Environnement : les arbres tueront-ils la planète ?

Planter d’une main pour déboiser de l’autre, voilà le paradoxe… © Getty Images
Christine Masuy Journaliste

La déforestation menace la planète. Pour y faire face, tout le monde s’engage à replanter : chefs d’État, multinationales, ONG… Mais quel est leur véritable objectif ?
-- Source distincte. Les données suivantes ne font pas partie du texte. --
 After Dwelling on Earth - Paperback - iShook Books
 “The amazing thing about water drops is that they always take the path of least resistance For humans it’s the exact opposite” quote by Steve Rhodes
Voilà quelques années déjà qu’on nous alerte sur la déforestation. Et pour cause ! L’an dernier, la planète a encore perdu un hectare de forêt par seconde. Soit l’équivalent de trois terrains de foot toutes les deux secondes. Tous les puissants de ce monde semblent sensibles à la question. Gouvernements et ONG, multinationales et institutions internationales… Chacun lance sa campagne de reforestation. Jamais l’Humanité n’a planté autant d’arbres que durant cette dernière décennie. C’est le sujet du documentaire proposé ce mardi à 21h par Arte : « Planter à tout prix ». Mais que cachent ces opérations d’envergure ?

L’impact écologique

L’homme a toujours exploité la forêt pour se chauffer, se loger, se nourrir… Mais cette exploitation s’est considérablement accélérée dans la seconde moitié du XXe siècle. Ici, on supprime une forêt pour construire des routes, un barrage ou une ville. Là, on abat une forêt pour produire des meubles, du papier ou de l’huile de palme… Le phénomène est particulièrement important en Amazonie, en Afrique centrale et en Asie du Sud-Est. Or, on sait que la déforestation a un impact écologique important : libération de CO2, perte de biodiversité, modification du cycle de l’eau…

Mille milliards d’arbres

Pour contrer la déforestation, des mesures semblent prises au plus haut niveau. De Poutine à Xi Jinping, tous les chefs d’État ont été photographiés pelle à la main, replantant un arbre. En Belgique, il s’agit surtout d’adapter les forêts existantes afin de les rendre plus résilientes face au changement climatique. Mais ailleurs dans le monde, on assiste plutôt à des opérations coup de poing. L’Éthiopie a battu un record avec 350 millions d’arbres replantés en une seule journée. La Chine s’est donné pour objectif de planter cent milliards d’arbres pour créer une « grande muraille verte ». Une ONG allemande, lancée par un garçon de 9 ans, vise mille milliards d’arbres plantés – même le très climatosceptique Donald Trump a apporté son soutien au projet. Ce faisant, chacun semble apporter sa pierre à l’édifice de l’Accord de Paris. Signé en 2015, il avait pour principal objectif de maintenir le réchauffement climatique sous les 2 °C, et cela passait notamment par le reboisement.

Greenwashing

Les experts tirent cependant la sonnette d’alarme : tout cela n’est que du vent ! D’abord parce qu’on déboise toujours plus qu’on reboise. Mais surtout parce que la qualité du reboisement interroge… Une forêt, c’est tout un écosystème ancien, complexe et riche. Quand on replante, c’est souvent sans prêter attention à la biodiversité. Et parfois même en dépit du bon sens. Ainsi en France, où des subventions sont accordées pour replanter un milliard d’arbres d’ici à 2032. Résultat : des forêts de feuillus en pleine santé sont arrachées pour replanter des résineux. Au Brésil, ce sont des eucalyptus, au Congo des acacias… Partout des monocultures, véritables déserts verts, mais qui conviennent aux industriels du bois, du papier et de l’emballage. Ces monocultures sont gourmandes en eau, épuisent les sols, nuisent à la biodiversité et résistent mal aux aléas climatiques. En cas de feu, par exemple, elles se transforment d’un coup en gigantesques brasiers incontrôlables. Mais pour l’heure, peu s’en soucient. Car gouvernements et multinationales ont réussi à créer un parfait écran de fumée en se vantant de replanter… Pendant ce temps, ils peuvent continuer à déboiser, à produire et à polluer…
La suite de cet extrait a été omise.